REQUIRED ACTION: What you need to produce from the material below is an exact transcription of the lines from the one with "Apartamento com 53m², 2" through the one with "817 000 пенсионери", both included, and no other line.

DATA SHOWN:
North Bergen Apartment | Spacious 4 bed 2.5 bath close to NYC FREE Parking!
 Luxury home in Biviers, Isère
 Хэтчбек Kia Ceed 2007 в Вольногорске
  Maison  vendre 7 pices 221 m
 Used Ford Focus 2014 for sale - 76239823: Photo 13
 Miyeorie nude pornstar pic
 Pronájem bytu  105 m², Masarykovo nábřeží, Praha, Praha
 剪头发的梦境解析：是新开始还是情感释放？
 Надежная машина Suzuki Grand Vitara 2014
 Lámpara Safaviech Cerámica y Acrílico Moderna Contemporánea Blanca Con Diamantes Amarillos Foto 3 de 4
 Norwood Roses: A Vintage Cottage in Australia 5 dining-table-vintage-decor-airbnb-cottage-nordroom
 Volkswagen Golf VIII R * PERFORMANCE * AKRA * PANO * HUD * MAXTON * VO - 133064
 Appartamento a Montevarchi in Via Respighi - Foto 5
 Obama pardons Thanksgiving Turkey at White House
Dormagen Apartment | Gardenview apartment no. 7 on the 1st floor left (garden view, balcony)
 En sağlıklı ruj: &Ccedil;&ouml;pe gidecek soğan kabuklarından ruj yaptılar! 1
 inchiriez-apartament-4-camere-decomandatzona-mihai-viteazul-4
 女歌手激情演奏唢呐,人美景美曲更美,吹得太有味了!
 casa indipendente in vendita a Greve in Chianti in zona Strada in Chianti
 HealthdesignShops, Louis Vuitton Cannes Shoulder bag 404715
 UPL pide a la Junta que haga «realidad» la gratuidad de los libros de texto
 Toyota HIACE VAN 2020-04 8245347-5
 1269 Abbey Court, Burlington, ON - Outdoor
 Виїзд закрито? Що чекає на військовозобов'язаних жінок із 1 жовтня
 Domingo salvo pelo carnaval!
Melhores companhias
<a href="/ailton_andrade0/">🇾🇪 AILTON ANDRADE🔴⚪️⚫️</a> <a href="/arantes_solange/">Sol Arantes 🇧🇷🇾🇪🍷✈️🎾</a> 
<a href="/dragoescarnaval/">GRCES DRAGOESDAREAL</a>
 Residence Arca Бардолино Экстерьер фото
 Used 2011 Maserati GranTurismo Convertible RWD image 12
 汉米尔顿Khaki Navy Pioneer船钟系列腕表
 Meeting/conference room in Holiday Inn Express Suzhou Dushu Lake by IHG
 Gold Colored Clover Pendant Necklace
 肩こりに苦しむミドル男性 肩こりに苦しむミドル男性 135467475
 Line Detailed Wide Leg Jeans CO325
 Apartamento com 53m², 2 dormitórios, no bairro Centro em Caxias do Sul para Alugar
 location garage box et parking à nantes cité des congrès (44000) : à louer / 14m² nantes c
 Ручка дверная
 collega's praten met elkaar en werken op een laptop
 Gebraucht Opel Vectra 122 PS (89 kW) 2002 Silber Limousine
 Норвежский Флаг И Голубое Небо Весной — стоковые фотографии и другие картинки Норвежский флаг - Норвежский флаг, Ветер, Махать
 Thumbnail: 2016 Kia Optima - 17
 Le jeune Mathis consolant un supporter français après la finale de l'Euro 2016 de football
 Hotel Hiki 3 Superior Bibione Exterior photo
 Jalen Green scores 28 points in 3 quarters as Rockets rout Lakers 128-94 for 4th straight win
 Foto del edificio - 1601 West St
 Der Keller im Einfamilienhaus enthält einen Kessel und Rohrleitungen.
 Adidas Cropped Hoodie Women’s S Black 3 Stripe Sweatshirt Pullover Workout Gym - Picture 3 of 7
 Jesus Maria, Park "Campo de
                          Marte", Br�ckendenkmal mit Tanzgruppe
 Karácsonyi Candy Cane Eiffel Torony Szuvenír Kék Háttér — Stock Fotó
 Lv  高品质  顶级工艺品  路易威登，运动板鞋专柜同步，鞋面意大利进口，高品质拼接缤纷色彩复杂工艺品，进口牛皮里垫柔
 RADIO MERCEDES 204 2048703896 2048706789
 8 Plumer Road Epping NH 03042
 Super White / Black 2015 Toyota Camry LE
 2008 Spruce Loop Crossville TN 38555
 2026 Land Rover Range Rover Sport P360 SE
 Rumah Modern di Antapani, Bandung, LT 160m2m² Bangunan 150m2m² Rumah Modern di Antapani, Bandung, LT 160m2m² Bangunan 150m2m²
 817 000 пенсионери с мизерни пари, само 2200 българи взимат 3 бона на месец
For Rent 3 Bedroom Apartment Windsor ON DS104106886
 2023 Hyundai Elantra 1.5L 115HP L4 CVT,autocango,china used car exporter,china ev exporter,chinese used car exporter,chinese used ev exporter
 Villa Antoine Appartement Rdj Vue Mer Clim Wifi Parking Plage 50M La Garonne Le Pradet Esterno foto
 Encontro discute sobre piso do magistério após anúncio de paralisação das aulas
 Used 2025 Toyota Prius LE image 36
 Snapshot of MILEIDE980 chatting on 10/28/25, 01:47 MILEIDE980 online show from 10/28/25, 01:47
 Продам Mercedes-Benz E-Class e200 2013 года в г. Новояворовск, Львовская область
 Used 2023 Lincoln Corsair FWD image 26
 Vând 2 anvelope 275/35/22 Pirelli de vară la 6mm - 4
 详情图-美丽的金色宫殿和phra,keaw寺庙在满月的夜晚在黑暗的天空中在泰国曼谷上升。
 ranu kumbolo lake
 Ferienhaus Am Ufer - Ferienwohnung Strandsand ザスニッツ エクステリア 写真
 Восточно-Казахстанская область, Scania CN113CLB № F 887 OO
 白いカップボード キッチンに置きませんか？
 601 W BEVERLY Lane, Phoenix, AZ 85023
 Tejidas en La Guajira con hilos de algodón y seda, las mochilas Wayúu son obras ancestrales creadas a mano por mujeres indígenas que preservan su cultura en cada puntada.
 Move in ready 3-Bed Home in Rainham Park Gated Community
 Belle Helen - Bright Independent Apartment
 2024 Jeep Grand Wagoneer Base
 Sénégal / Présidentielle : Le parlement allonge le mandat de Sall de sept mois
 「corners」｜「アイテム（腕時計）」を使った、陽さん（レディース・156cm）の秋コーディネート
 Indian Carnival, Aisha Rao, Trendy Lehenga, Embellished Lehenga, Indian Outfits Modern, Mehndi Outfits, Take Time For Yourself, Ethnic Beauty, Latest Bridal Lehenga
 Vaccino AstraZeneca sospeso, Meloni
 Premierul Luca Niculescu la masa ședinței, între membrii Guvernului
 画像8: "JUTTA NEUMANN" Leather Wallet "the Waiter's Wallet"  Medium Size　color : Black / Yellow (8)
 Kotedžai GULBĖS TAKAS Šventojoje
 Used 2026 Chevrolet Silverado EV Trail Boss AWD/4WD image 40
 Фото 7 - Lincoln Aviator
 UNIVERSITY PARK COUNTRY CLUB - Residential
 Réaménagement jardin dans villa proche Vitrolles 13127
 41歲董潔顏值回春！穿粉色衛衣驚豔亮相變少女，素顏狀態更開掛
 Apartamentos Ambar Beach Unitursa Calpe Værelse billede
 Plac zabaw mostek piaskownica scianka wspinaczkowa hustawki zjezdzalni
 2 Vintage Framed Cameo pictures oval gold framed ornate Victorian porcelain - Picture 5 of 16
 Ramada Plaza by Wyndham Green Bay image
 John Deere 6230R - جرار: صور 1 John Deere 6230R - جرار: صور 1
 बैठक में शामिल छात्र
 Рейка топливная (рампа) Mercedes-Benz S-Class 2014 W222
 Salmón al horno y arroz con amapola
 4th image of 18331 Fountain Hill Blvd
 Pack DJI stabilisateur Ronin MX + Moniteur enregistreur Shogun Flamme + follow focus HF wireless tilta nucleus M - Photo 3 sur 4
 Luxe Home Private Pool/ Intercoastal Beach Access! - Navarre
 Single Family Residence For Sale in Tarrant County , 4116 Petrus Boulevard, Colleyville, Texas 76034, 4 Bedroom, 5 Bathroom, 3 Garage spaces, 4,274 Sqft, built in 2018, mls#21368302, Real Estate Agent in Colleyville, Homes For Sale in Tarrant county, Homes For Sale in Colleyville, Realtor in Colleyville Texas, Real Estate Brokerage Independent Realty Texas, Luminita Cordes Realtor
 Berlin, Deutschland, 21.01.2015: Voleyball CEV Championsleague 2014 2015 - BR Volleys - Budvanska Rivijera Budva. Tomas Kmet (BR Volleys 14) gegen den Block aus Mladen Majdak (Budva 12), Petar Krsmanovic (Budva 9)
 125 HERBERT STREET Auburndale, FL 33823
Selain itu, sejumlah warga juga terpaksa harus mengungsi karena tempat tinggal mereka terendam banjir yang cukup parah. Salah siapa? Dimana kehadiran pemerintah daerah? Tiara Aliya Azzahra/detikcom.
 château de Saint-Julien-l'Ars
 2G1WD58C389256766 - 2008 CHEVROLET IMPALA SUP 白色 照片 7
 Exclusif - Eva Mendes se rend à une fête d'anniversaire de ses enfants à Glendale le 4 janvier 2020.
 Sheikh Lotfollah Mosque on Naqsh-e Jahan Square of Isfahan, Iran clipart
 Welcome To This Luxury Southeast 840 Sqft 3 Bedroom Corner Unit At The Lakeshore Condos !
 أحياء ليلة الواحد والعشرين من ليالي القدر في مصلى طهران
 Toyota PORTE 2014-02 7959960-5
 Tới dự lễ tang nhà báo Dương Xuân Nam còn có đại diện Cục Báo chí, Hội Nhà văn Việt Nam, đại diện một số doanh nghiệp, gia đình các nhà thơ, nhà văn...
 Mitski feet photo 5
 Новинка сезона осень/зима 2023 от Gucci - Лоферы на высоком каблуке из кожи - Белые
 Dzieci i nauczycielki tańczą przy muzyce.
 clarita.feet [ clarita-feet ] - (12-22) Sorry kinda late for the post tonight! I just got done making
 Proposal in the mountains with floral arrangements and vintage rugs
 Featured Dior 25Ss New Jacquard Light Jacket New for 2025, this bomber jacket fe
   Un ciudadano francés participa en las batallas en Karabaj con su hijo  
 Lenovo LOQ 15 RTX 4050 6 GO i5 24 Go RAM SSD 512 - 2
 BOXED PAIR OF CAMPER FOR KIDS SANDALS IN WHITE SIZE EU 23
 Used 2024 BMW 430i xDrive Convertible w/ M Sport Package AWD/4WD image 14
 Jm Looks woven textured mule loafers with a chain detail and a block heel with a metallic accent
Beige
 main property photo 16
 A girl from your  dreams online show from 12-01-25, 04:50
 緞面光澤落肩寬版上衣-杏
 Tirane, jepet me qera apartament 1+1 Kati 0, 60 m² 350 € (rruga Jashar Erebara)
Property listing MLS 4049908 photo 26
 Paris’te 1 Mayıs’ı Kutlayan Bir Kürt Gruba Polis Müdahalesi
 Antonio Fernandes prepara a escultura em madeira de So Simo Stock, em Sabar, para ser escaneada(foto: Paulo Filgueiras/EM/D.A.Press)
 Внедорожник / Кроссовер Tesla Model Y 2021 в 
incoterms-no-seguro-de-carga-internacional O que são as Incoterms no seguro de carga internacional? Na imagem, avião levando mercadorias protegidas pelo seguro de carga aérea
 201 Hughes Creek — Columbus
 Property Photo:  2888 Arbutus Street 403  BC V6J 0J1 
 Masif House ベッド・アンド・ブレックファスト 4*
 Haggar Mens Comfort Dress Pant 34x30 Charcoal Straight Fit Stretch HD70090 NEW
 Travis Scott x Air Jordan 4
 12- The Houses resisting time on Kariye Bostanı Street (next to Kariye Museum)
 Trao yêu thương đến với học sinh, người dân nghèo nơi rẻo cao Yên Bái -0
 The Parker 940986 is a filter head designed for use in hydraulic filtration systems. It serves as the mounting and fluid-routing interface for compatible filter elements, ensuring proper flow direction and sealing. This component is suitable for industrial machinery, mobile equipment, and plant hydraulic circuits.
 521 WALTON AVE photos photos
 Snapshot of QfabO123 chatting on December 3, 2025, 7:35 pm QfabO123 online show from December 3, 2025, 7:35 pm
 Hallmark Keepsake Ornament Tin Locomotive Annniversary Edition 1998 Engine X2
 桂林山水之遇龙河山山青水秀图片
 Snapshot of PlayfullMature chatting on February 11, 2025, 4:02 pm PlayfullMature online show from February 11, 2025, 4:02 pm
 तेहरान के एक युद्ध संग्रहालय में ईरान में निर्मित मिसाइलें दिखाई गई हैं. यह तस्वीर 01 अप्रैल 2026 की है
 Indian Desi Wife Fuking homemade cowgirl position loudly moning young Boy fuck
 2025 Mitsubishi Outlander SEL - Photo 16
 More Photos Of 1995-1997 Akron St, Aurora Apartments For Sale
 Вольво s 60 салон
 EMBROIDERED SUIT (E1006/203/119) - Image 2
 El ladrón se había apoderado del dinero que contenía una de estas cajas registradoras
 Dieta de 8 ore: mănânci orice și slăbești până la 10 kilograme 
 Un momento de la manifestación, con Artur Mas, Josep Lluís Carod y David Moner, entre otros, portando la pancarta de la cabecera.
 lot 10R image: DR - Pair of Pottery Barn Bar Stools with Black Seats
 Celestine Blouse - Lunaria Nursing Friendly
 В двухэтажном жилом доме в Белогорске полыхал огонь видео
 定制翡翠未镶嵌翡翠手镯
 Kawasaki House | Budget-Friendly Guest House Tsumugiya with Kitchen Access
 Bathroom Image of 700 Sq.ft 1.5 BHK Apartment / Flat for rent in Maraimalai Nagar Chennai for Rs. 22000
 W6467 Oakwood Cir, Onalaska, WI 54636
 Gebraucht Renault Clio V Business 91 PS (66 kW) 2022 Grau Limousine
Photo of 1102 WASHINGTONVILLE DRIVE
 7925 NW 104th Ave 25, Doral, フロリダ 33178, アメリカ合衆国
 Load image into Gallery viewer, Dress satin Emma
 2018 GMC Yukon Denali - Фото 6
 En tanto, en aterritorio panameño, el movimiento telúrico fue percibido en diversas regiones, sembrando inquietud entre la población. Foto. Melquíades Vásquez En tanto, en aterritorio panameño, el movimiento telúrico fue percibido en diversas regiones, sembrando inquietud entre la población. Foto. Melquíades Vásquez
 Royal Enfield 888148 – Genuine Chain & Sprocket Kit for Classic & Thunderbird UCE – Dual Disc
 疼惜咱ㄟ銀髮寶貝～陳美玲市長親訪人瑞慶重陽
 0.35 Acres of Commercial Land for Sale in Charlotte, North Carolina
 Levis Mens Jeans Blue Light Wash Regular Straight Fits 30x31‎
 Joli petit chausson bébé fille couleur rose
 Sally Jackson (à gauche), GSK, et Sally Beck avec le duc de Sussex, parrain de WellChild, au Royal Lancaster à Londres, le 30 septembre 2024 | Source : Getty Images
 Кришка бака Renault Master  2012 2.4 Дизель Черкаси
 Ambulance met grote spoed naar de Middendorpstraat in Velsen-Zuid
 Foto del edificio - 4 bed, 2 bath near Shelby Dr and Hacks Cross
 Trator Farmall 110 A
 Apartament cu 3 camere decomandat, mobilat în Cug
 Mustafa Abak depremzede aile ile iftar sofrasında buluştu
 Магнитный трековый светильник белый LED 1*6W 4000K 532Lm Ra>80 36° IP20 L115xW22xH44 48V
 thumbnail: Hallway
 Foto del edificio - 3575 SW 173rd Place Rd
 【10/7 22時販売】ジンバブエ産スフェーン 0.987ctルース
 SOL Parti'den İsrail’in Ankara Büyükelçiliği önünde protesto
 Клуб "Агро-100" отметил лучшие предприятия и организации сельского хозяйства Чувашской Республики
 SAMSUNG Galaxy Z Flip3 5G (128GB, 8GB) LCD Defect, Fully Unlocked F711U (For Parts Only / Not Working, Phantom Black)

EXERCISE RESULT:
 Apartamento com 53m², 2 dormitórios, no bairro Centro em Caxias do Sul para Alugar
 location garage box et parking à nantes cité des congrès (44000) : à louer / 14m² nantes c
 Ручка дверная
 collega's praten met elkaar en werken op een laptop
 Gebraucht Opel Vectra 122 PS (89 kW) 2002 Silber Limousine
 Норвежский Флаг И Голубое Небо Весной — стоковые фотографии и другие картинки Норвежский флаг - Норвежский флаг, Ветер, Махать
 Thumbnail: 2016 Kia Optima - 17
 Le jeune Mathis consolant un supporter français après la finale de l'Euro 2016 de football
 Hotel Hiki 3 Superior Bibione Exterior photo
 Jalen Green scores 28 points in 3 quarters as Rockets rout Lakers 128-94 for 4th straight win
 Foto del edificio - 1601 West St
 Der Keller im Einfamilienhaus enthält einen Kessel und Rohrleitungen.
 Adidas Cropped Hoodie Women’s S Black 3 Stripe Sweatshirt Pullover Workout Gym - Picture 3 of 7
 Jesus Maria, Park "Campo de
                          Marte", Br�ckendenkmal mit Tanzgruppe
 Karácsonyi Candy Cane Eiffel Torony Szuvenír Kék Háttér — Stock Fotó
 Lv  高品质  顶级工艺品  路易威登，运动板鞋专柜同步，鞋面意大利进口，高品质拼接缤纷色彩复杂工艺品，进口牛皮里垫柔
 RADIO MERCEDES 204 2048703896 2048706789
 8 Plumer Road Epping NH 03042
 Super White / Black 2015 Toyota Camry LE
 2008 Spruce Loop Crossville TN 38555
 2026 Land Rover Range Rover Sport P360 SE
 Rumah Modern di Antapani, Bandung, LT 160m2m² Bangunan 150m2m² Rumah Modern di Antapani, Bandung, LT 160m2m² Bangunan 150m2m²
 817 000 пенсионери с мизерни пари, само 2200 българи взимат 3 бона на месец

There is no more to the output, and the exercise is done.